Шепчущие - Коннолли Джон (книги регистрация онлайн бесплатно TXT, FB2) 📗
– Не принимай близко к сердцу, – сказал я. – Что-нибудь придумаем.
– Что мне делать? Вернуться к его дому и подождать там?
– Почему бы и нет. – По крайней мере, Джеки будет чувствовать себя в безопасности, подумал я.
– Есть новости из Нью-Йорка?
– Будут вечером.
– Не скажешь им, как я облажался?
– Ты не облажался. Тебе просто не повезло.
– Я был неосторожен, – вздохнул Джеки. – Но мне нравится заниматься взрывчаткой.
Через какое-то время Беннет Пэтчет прислал по электронной почте список бывших сослуживцев Дэмиена, присутствовавших на его похоронах. Первыми в нем значились Вернон и Причард. В примечании Беннет указал, что не уверен в правильности написания этих двух фамилий. Он также добавил, что, к сожалению, не помнит всех, потому что некоторые не оставили записей в книге соболезнований и не все представились ему лично, но, по его мнению, всего их было не меньше дюжины. Беннет вспомнил женщину – ее звали Кэрри Сандерс, – занимавшуюся делами ветеранов, но не контактировавшую, насколько ему известно, с Дэмиеном напрямую. Присутствовал в списке и Бобби Жандро – из-за полученных в Ираке ранений он был в инвалидном кресле. Бобби числился и в моем списке тех, с кем я намеревался потолковать по прибытии подкрепления из Нью-Йорка.
– Среди присутствовавших на похоронах были чернокожие? – спросил я.

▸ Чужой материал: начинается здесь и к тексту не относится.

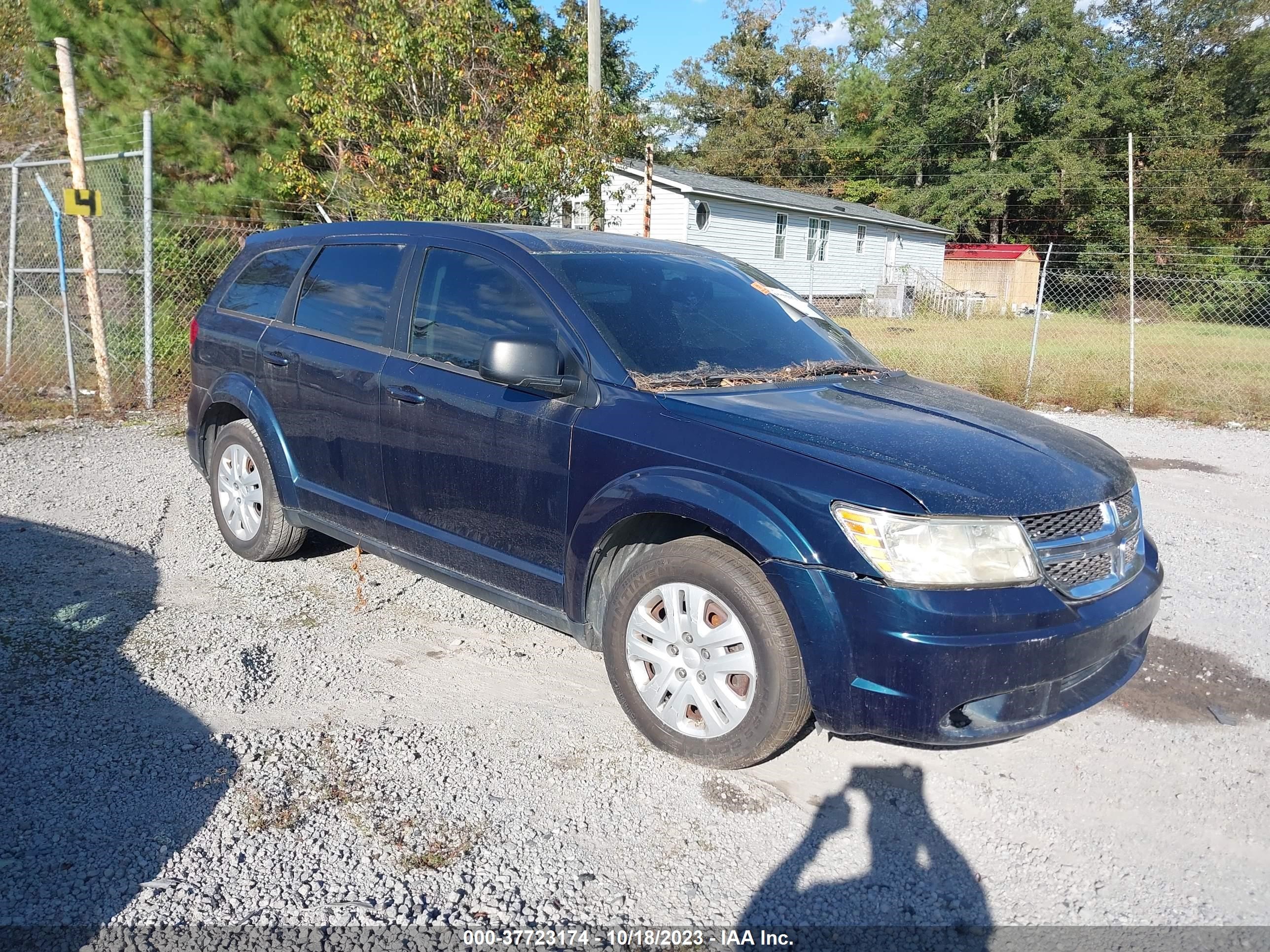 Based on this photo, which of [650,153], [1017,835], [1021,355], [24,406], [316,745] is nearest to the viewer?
[1017,835]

– Вернон – цветной. А это важно?
– Просто любопытно.
Я сделал пометку для себя позвонить Кэрри Сандерс и навести справки о Бобби Жандро, но сначала отправился в Скарборо-Даунс, где неподалеку от ипподрома жил Роналд Стрейдир. Во время вьетнамской войны Роналд служил в К-9. Гибель боевых товарищей и потеря собаки, которую ему пришлось оставить при падении Сайгона, до сих пор висели над ним черной тенью. В последнее время его дом стал перевалочным пунктом для ветеранов, проезжавших через город, которым надо было выспаться, выпить пива, затянуться сигаретой с марихуаной, и чтоб никто не досаждал глупыми расспросами. Не знаю, зарабатывал ли Роналд этим на жизнь, но, возможно, это имело какое-то отношение к запасам «травки», всегда имевшейся у него под рукой.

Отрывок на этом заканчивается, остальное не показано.